This dataset provides:
- Active mining operations: All legally authorized mining projects across Brazil
- Mine locations: Geographic coordinates and spatial extent
- Product information: What minerals/resources are being mined
- Operational status: Whether mines are active, suspended, or recovering
- Area data: Size of mining concessions and operating areas
- Company information: Operator and ownership details
- Environmental permits: Status of environmental authorization
- Geographic coverage: National coverage including Legal Amazon region
SIGMINE data is critical for understanding Brazil’s mining sector impact on the environment, economy, and land use, particularly in sensitive regions like the Amazon.

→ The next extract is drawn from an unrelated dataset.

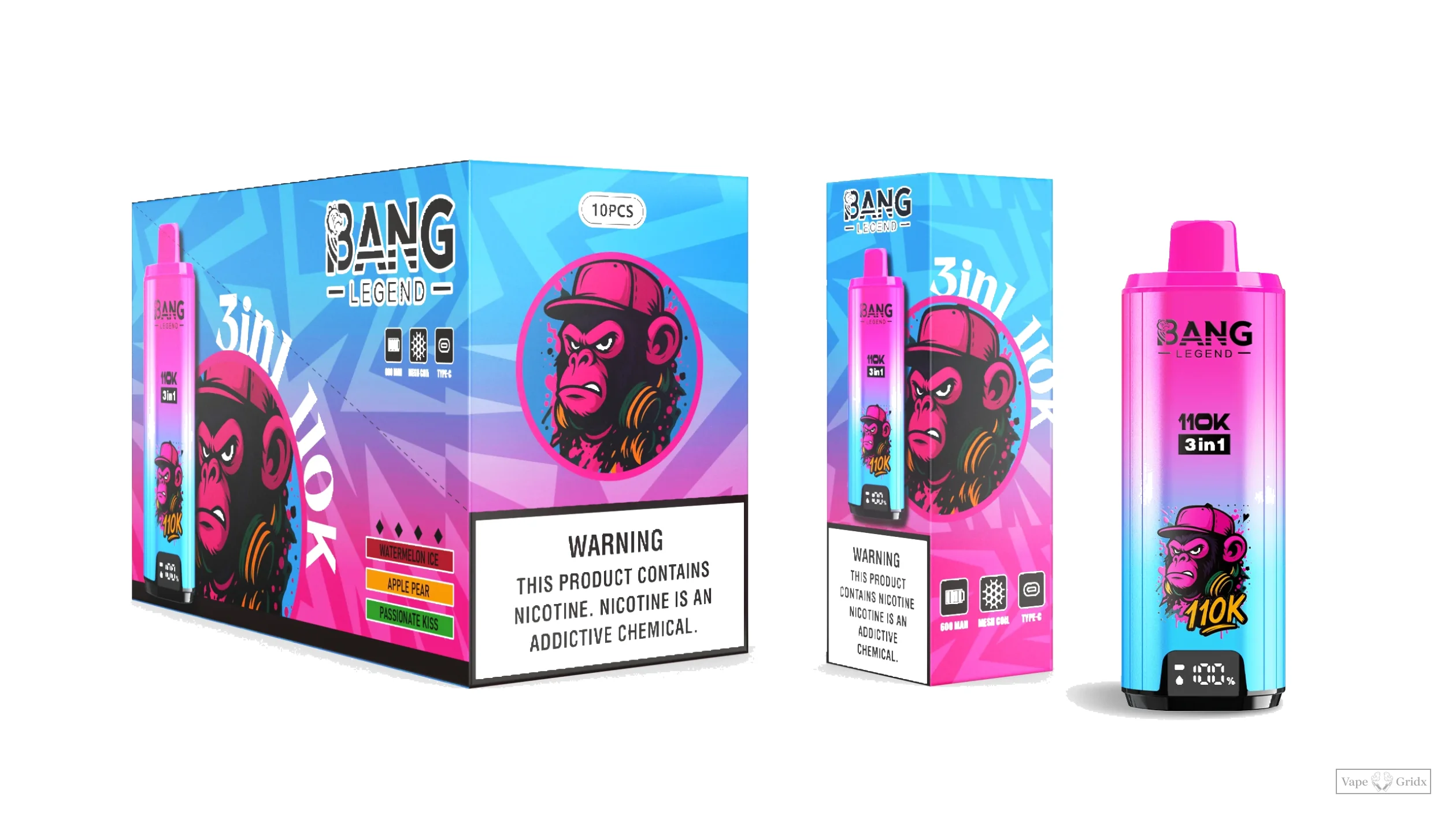 Bang Legend 110000 110K Züge Display Einweg-Vape - image 8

Data Source and Information
SIGMINE data comes from: - Brazilian mining authorization and regulatory system - Geological Service of Brazil (SGB-CPRM) - Environmental licensing agencies - Updated continuously as mining permits are issued/revoked - Publicly accessible through government databases
For more information, visit SGB-CPRM and mining databases.
Available Dataset
sigmine_active (Active Mining Operations)

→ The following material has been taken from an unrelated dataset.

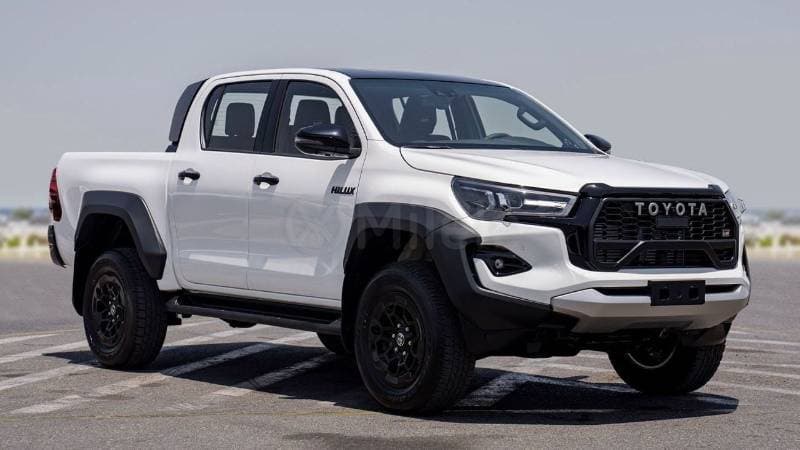 2025 Toyota Hilux GR SPORT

Comprehensive registry of legally operating mining projects in Brazil.
- Coverage: All active, legally authorized mining operations
- Status: Currently operating, suspended, or in recovery phases
- Geographic levels: National coverage with state and municipality identification
- Key variables: Mine name, operator, location, mineral type, area, authorization status
- Mineral types: Precious metals, industrial minerals, energy minerals (coal, uranium), others
- Environmental data: Environmental license status, compliance information
- Spatial data: Polygon boundaries of mining concessions/operations
- Use cases:
- Assess mining impacts in regions of interest
- Identify mining activity in conservation areas
- Analyze relationships between mining and deforestation
- Economic analysis of mining sector
- Environmental impact assessment
- Conflict identification (mining vs. indigenous lands, protected areas)
Function Parameters
1. dataset
Only one dataset is available:
dataset = "sigmine_active" # Active mining operations
2. raw_data
Controls whether to download original or processed data.
TRUE: Returns raw SIGMINE/DNPM data format with original codingFALSE: Returns treated data with English variable names and standardized formatting
raw_data = FALSE # logical
3. language
Output language for variable names and documentation.
"pt": Portuguese"eng": English
language = "eng" # character string
Data Structure
SIGMINE data typically includes:
- Mine identification: Name, registration number, operator
- Location: State, municipality, geographic coordinates
- Resource: Mineral type being mined
- Area: Size of mining concession (square meters)
- Status: Active, suspended, recovery, or other operational status
- Authorization: Mining and environmental permits
- Geometry: Spatial polygon of mining area (when available)
Examples
Example 1: Active mining data in portuguese
# download treated active mining data in portuguese
mining_active <- load_sigmine(
dataset = "sigmine_active",
raw_data = FALSE,
language = "pt"
)
Example 2: Active mining data in english
# download treated active mining data in english
mining_eng <- load_sigmine(
dataset = "sigmine_active",
raw_data = FALSE,
language = "eng"
)
Data Notes
Mining Authorization Status
SIGMINE tracks mines at various stages: - Active: Currently operating, producing minerals - Suspended: Temporarily halted operations - Recovery: Reclamation and environmental restoration phase - Other: Various other regulatory statuses
Minerals Covered
SIGMINE includes: - Precious metals: Gold, silver, platinum - Industrial minerals: Iron, copper, aluminum, tin, others - Energy minerals: Coal, uranium - Gemstones: Diamonds, emeralds, others - Construction minerals: Sand, gravel, granite
Data Updates
- SIGMINE is continuously updated as new permits are issued/revoked
- The dataset you access reflects the most current government registry
- Historical changes available from government archives
Geographic Information
- Coordinates: GPS coordinates of mine locations
- Polygons: Spatial boundaries of mining concessions (when available)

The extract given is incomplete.